Kellogg’s is putting Tony the Tiger and Coco the Monkey on a diet as the war on sugar continues to strip millions of pounds out of the kids cereals market.
Sugar levels in Frosties and Coco Pops (currently 37% and 35%) will be cut by an unspecified amount. “We have lots more testing to do, and some technical barriers to overcome and only when we’re confident that shoppers will love the produce will we bring the food to market” said a Kellogg’s spokesman. But the intention is to remove 723 tonnes of sugar from its portfolio this year.
“While it’s our aspiration to lower sugar in our kid’s foods, if during testing consumers say they don’t want it, we won’t, the spokesman added. The two brands suffered a combined £5.8m loss last year [IRI 52 w/e 5 December 2015] as the cereals market fell by £71m. Coco Pops was hardest hit, down £3.7m, while Frosties fell £2.1m.
“We’re committed to offering people more of what they want in our foods, such as fibre and visible grains, and less of what they don’t want, such as salt and sugar,” said Kellogg’s commercial director for cereals Gareth Maguire.
Although Frosties and Coco Pops are two of the most sugary cereals on the market, Maguire said other factors were to blame for the decline: “We haven’t heard anything from consumers to suggest sugar is the reason behind the drop.”
Kellogg’s launched Reduced Sugar Frosties in 2004 but later pulled the variant after disappointing sales and criticism over its 25% sugar content and elevated salt levels. “That was a sugar reduction too soon.

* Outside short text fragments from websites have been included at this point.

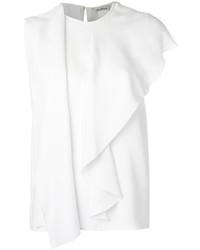 weiße Seide Bluse von Max Mara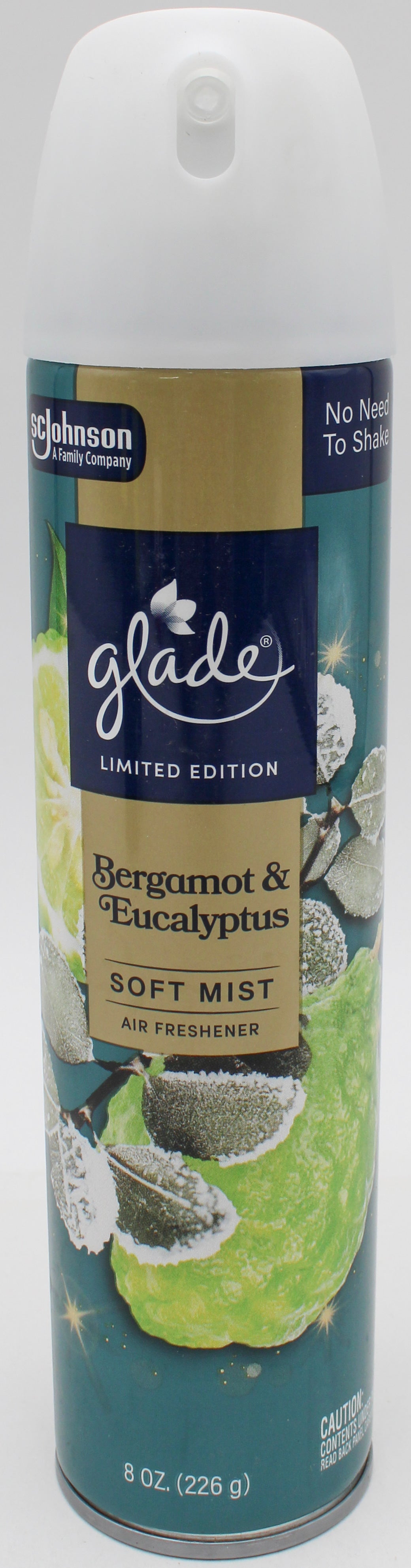 GLADE AEROSOL SPRAY BERGAMOT & EUCALYPTUS 8.0oz US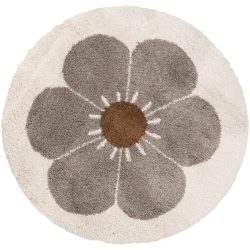 Kinderteppich Arnold Braun/Grau 120 cm 120 cm - Farbe: taupe - Material: Polypropylen - Kinderteppich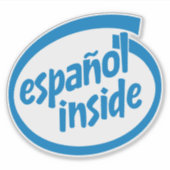 Spaans van binnen sticker (Voorkant)
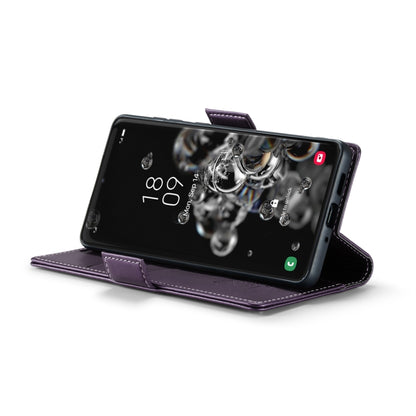 For Samsung Galaxy S20 Ultra CaseMe 023 Butterfly Buckle Litchi Texture RFID Anti-theft Leather Phone Case(Pearly Purple) by CaseMe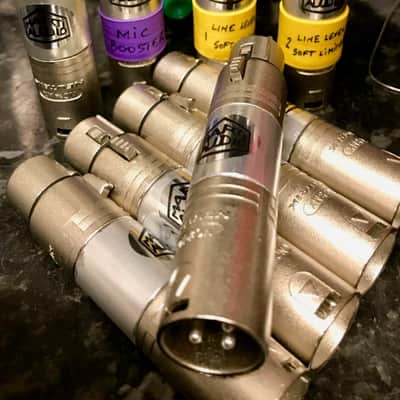 Martiaudio Balanced In-Line Mic Preamp Booster XLR Barrel For Ribbon Dynamic Tube Microphone image 1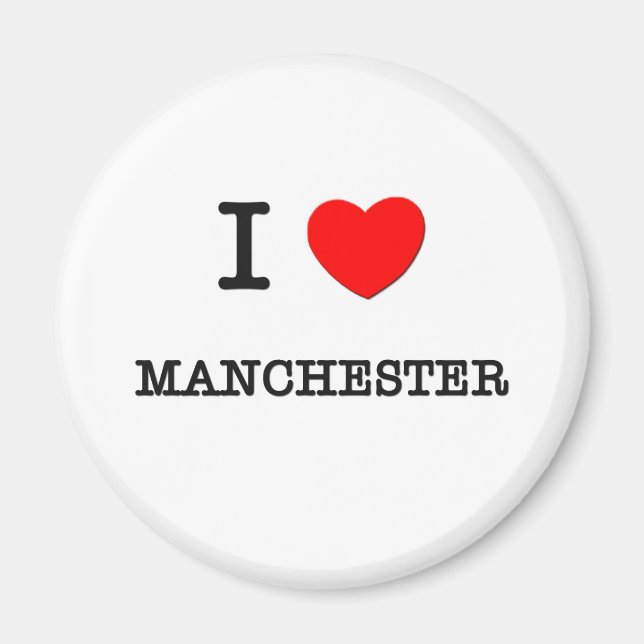 Imán I Heart MANCHESTER (Frente)
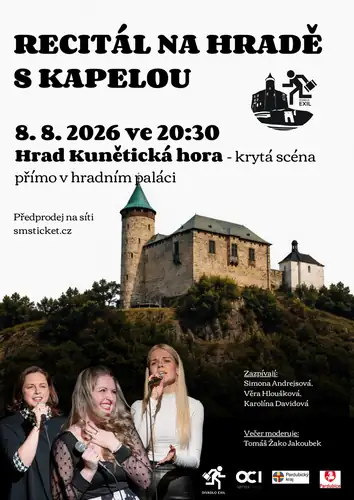 Recitál s kapelou na Kunětické hoře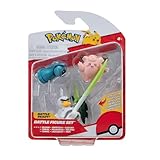 Pokémon PKW3057 Battle Figure Set-Piepi, Tanhel, Lauchzelot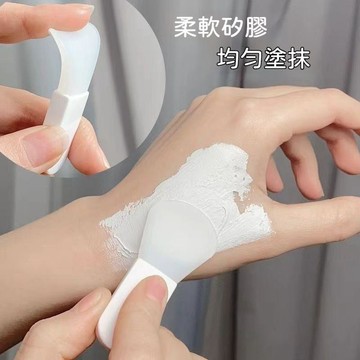 🔥高雄出貨🚀 鏟形扇形舌形可換頭面膜刷 多種頭形對應臉部每個細節 矽膠材質好清洗又耐用不掉屑 鼻翼眼周細節塗泥膜都很服貼
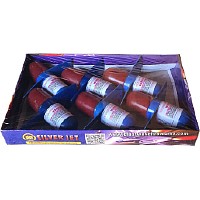 Fireworks - Sky Flyer & Helicopters - Silver Jet 6 Piece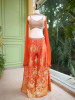 Anaya Orange Palazzo Set with Mirror &amp; Cut Dana Work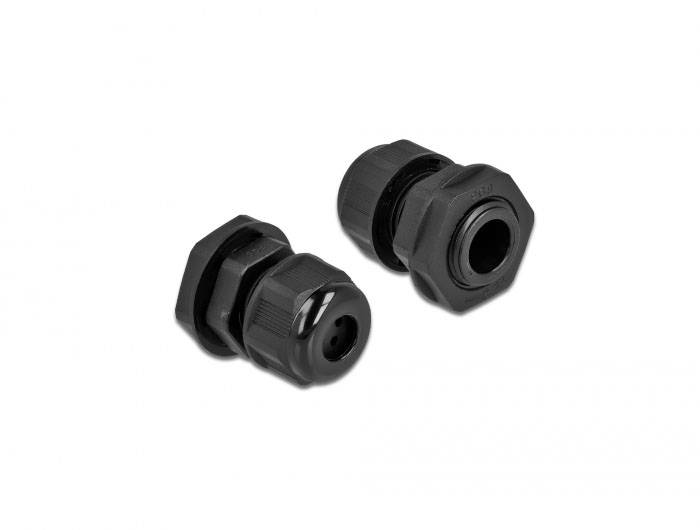 Delock 60379 vodootporno plastika crna 1 St.-2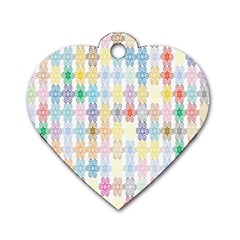 Background Wallpaper Spirals Twirls Dog Tag Heart (one Side) by Celenk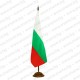 Луксозна дървена основа за интериорна стойка за едно, две или три знамена Луксозна дървена основа за интериорна стойка за едно, две или три знамена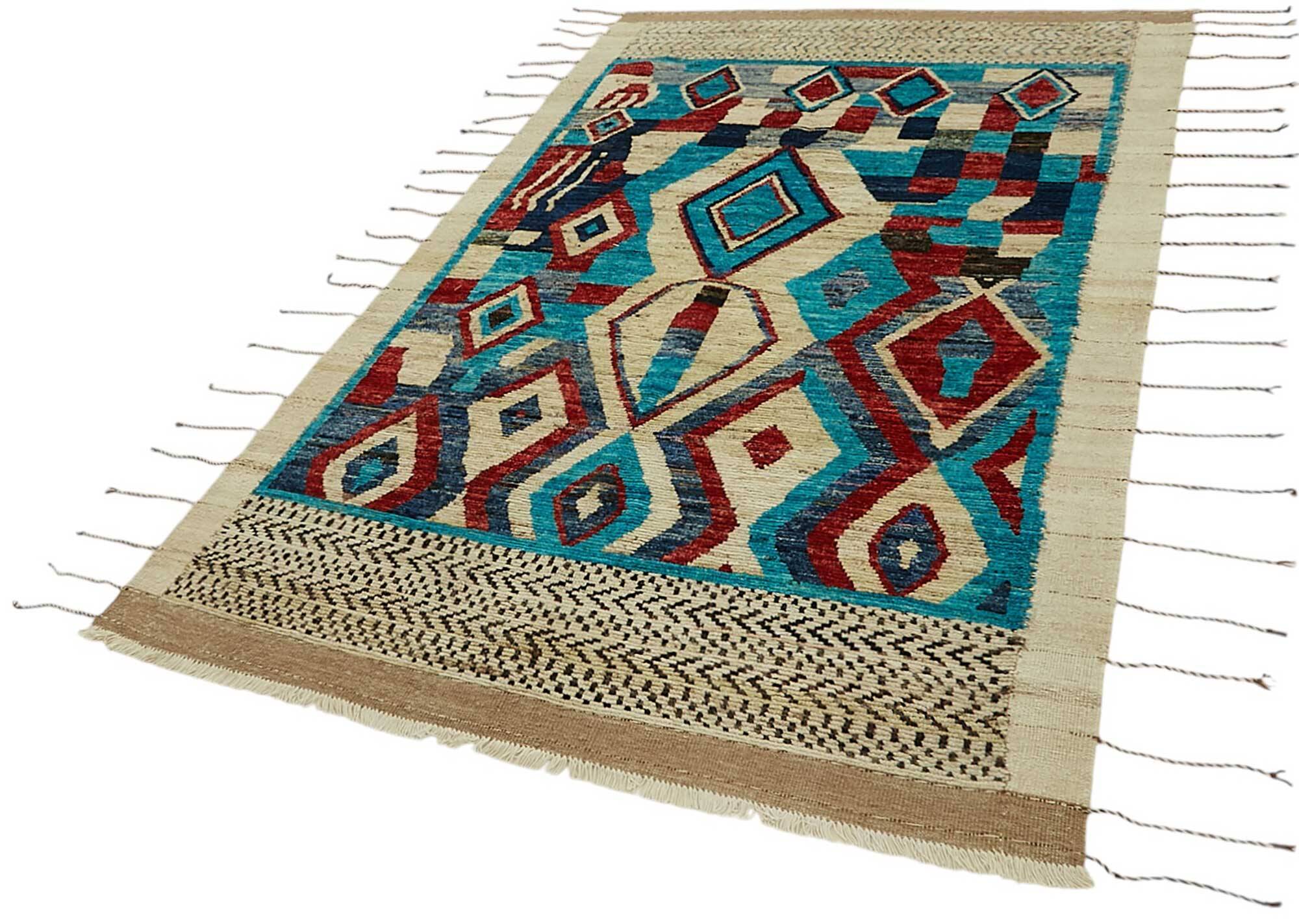 Handmade Tribal Decorative 154 cm x 259 cm Multicolor Wool Carpet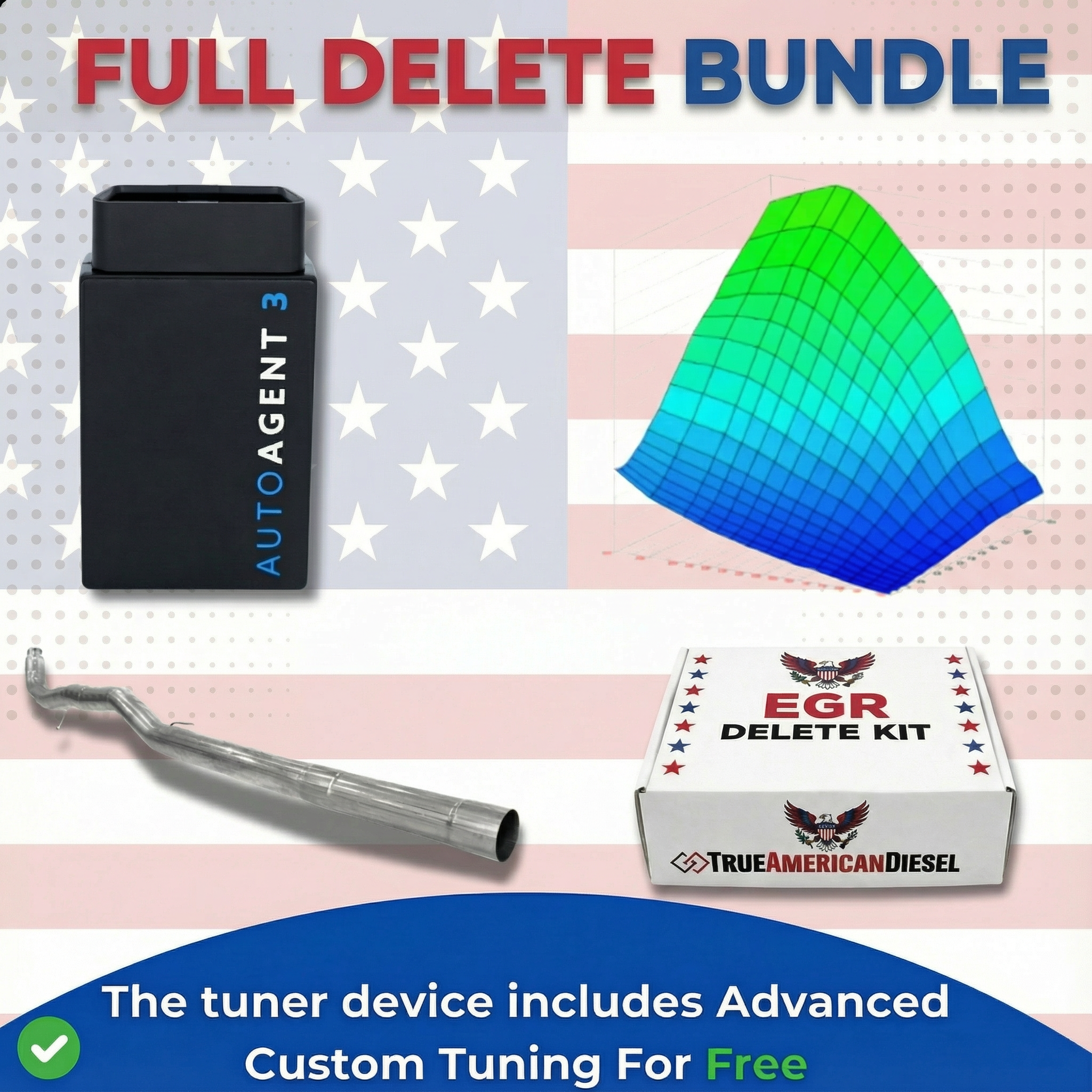 GM/Chevy Duramax 6.6 LML Full Delete Bundle | 2011-2016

Consumers weren’t ready for it,” said Maguire. “We think the situation has changed.”
This week Waitrose announced plans to cut nearly two tonnes of sugar from its own-label cereals. Essential Corn Flakes, one of Waitrose’s top-selling cereals, will have 15% of its sugar removed and Honey Nut Corn Flakes and Choco Pops will undergo significant reductions.
“Breakfast is an essential part of a healthy lifestyle so Waitrose will continue to focus attention on cereals and other popular breakfast choices such as sweet pastries, smoothies, yoghurts and juices, so we really can help customers make a healthier choice,” said nutrition manager Moira Howie.
Waitrose claims to have removed seven tonnes of sugar from its own-label chilled juices in the past year, and a further 14.6 tonnes from its yoghurts.